『FLUX.1』 MidjourneyやSD3 Ultra超えのモデルが登場！Stable Diffusionの開発者たちが仕掛ける新革命

2024年8月4日 17:10

Stable Diffusionの元開発者たちが立ち上げたBlack Forest Labs（BFL）が、待望の新モデル「FLUX.1」を発表しました。120億ものパラメータを誇るFLUX.1は、驚異的な画像生成能力を持つだけでなく、これまでのAIが苦手としてきた人間の手の描写や複雑な場面の再現にも秀でています。さらに、商用からオープンソースまで、多様なニーズに応える3つのバージョンを用意し、ユーザーの需要を満たそうとしています。

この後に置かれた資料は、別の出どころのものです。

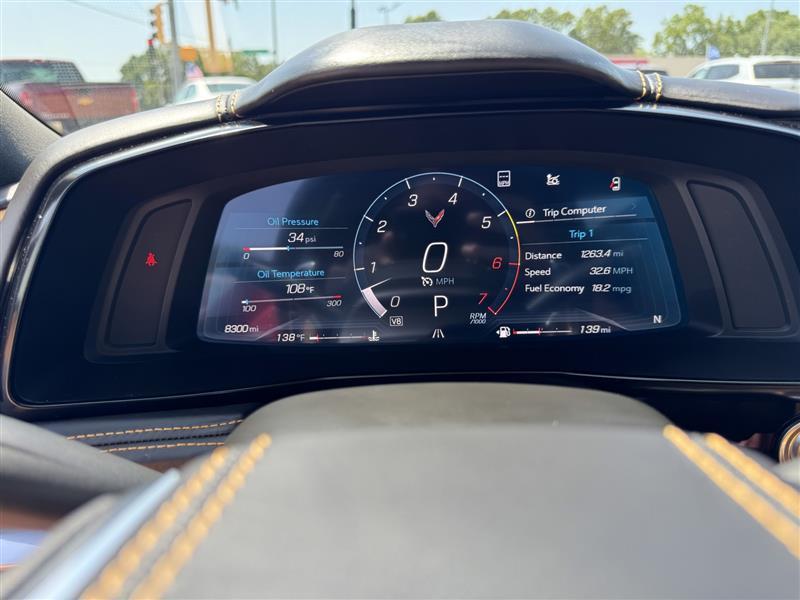 Chevrolet Corvette 3LT Coupe 2023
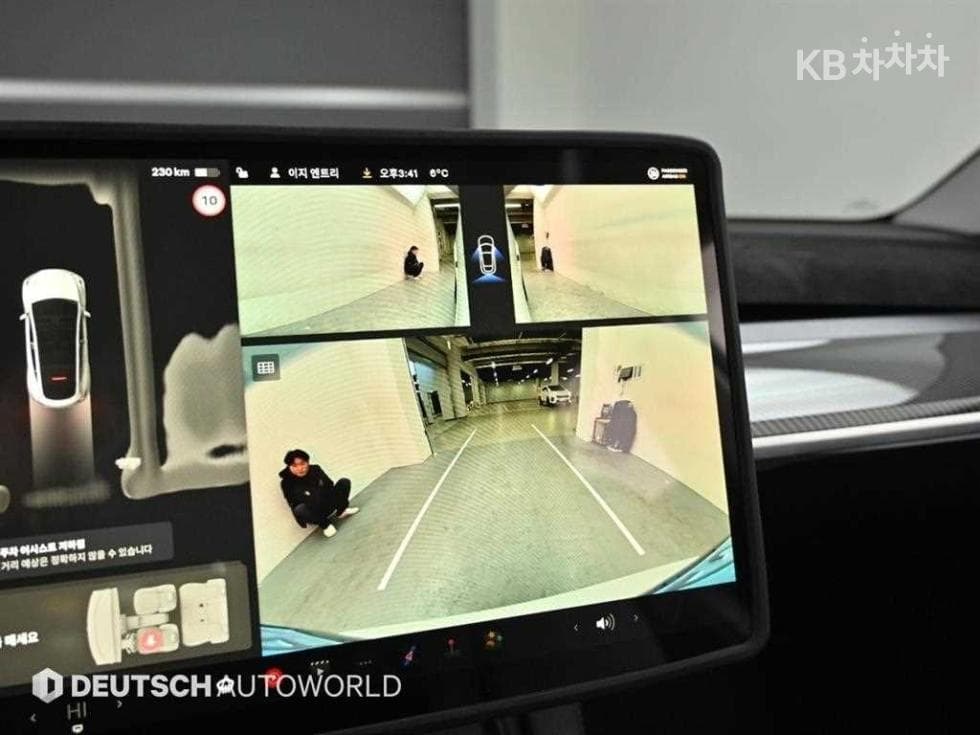 테슬라 Model YPerformance - 15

本記事では、FLUX.1の革新的な機能や特徴、そしてそれがもたらす可能性について、詳しく探っていきます。実際にComfyUIとFLUX.1を用いて画像生成を行い、その性能を実感していきます。

1. FLUX.1について

FLUX.1は、Black Forest Labsが開発した最新の画像生成AI技術です。テキストから画像を生成する能力において新たな基準を設定し、画像の詳細さ、プロンプトへの忠実性、スタイルの多様性、シーンの複雑さなどの面で優れた性能を示しています。

FLUX.1の主な特徴

1.最先端の性能: 既存の主要なAIモデル（Midjourney v6.0、DALL·E 3、Stable Diffusion 3など）を上回る性能を達成。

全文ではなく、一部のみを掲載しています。